En visant mercredi les bureaux de Charlie Hebdo à Paris, les tueurs ont semblé suivre les consignes données notamment par le groupe Etat islamique et parachever une vengeance liée à la publication des caricatures de Mahomet par l’hebdomadaire en 2006.
Sur une vidéo amateur filmée pendant l’attaque depuis un toit voisin, on peut entendre l’un des tireurs en tenue noire, kalachnikov en main, hurler «Allah akbar !» («Dieu est le plus grand !») puis un autre «On a tué Charlie Hebdo !», avant que l’un d’eux n’achève à bout portant, d’une balle dans la tête, un policier blessé gisant à terre.
Depuis près de neuf ans, l’hebdomadaire satirique est menacé par la mouvance islamiste radicale – ses locaux ont été incendiés en 2011, son directeur promis à la décapitation – et depuis des mois des jihadistes et des responsables islamistes au Moyen Orient et en Afrique appellent des volontaires à passer à l’action contre la France, à laquelle ils reprochent son implication militaire sur plusieurs théâtres.

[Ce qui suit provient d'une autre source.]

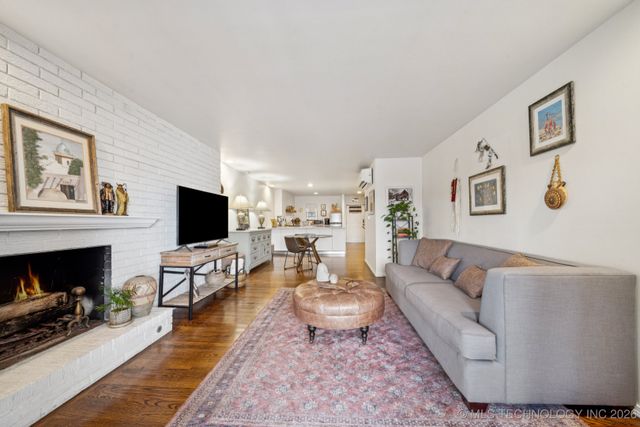 1107 E 45th Place 15, Tulsa, OK 74105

En Irak, Paris participe aux frappes aériennes menées par la coalition internationale contre les jihadistes de l’Etat islamique. En Afrique, la France est en pointe dans la lutte antiterroriste avec son dispositif Barkhane: 3.000 hommes déployés dans cinq pays de la bande sahélo-saharienne.
«Il est évident que dès la première publication des caricatures de Mahomet, Charlie (Hebdo) était devenu un symbole, une cible», assure à l’AFP Louis Caprioli, ancien chef du contre-terrorisme à la DST (service français chargé de la sécurité intérieure). «Ils n’avaient jamais oublié et pardonné ce qu’ils ont considéré comme une injure suprême. Le choix de cette cible est chargé de symboles: on vise des laïcs, qui ont osé se moquer du prophète. A leurs yeux, c’est une vengeance divine.»
– longue mémoire –
Les terroristes islamistes ont une longue mémoire, et quand ils choisissent une cible, ils n’en dévient pas au fil des ans, soulignent tous les experts. Ainsi ils s’en sont pris à deux reprises aux tours du World Trade Center à New York, une première fois en faisant exploser un camion piégé dans ses sous-sols en 1993 puis en les faisant s’effondrer le 11 septembre 2001.

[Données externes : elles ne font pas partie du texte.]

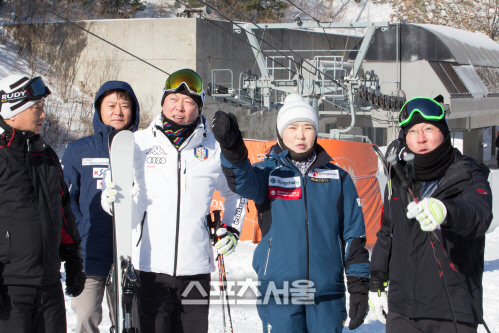 신동빈 회장, 평창동계올림픽 스키코스 현장 점검 사진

Des listes de cibles – toujours les mêmes – circulent dans la mouvance radicale, sur des sites internet, dans des enregistrements, des forums, les discours de chefs jihadistes. Et mission est donnée à tous ceux qui le peuvent de tenter de les atteindre.
«La question qui se pose maintenant, ajoute Louis Caprioli, c’est : est-ce une opération isolée, à la Mohamed Merah (auteur d’attaques dans le sud de la France en 2012, ndlr), ou est-ce le début des opérations ? Entre-t-on dans une autre dimension, avec une cellule passée à l’action ? Un cycle de frappes est-il prévu, comme ce fut le cas à Paris dans les années 80 ? Ce qui est certain, c’est qu’il faut trouver ces tueurs, et vite. Je suis certain que les services ont activé toutes leurs sources, tous leurs systèmes de surveillance, c’est l’urgence absolue».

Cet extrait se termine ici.